= Smart mine =

Proposed land mine designs

Smart mine refers to a number of next-generation land mine designs being developed by military forces around the world. Many are designed to self-destruct or self-deactivate at the end of a conflict or a preset period of time. Others are so-called "self-healing" minefields which can detect when a gap in the field has been created and will direct its mines to reposition themselves to eliminate that gap, making it much more difficult and dangerous to create a safe path through the minefield. The development of smart mines began as a response to the International Campaign to Ban Landmines as a way of reducing non-combatant and civilian injury.

Critics claim that new technology is unreliable, and that the perception of a "safe mine" will lead to increased deployment of land mines in future conflicts. Current guidelines allow for a 10% failure rate, leaving a significant number of mines to pose a threat. Additionally, in the case of self-destructing mines, civilians still are at risk of injury when the mine self-destructs and are denied access to land which has been mined.

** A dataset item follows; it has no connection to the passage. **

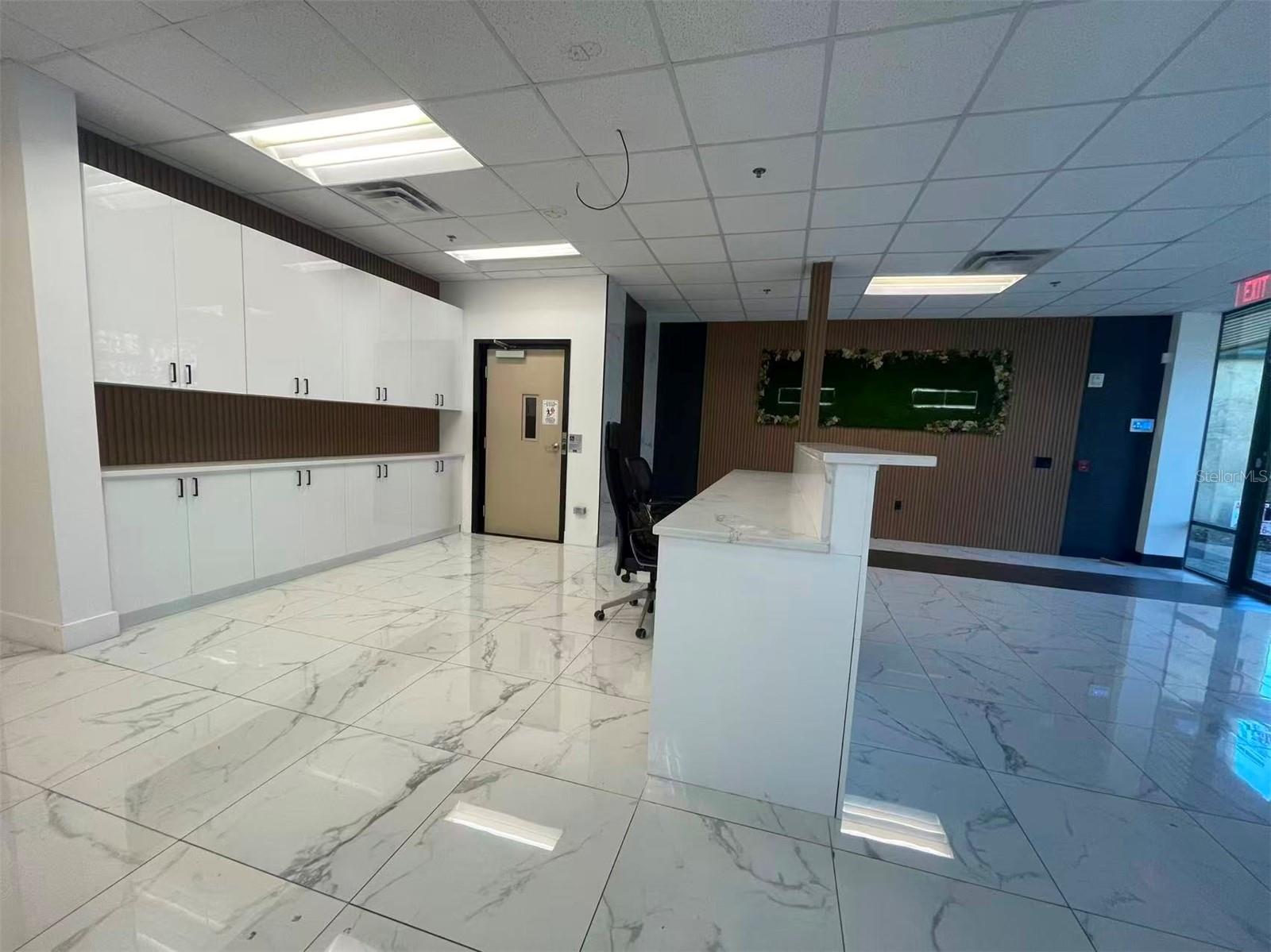 DREWTINA COMMERCE CENTER - Commercial Sale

As mines are inherently non-discriminate weapons, even smart mines may injure civilians during a time of war. Many critics believe this to be unacceptable under international law. The human security paradigm is outspoken on the issue of the reduction in the use of land mines due to the extremely individual nature of their impact - a facet that is ignored by traditional security concerns which focus on military and state level security issues.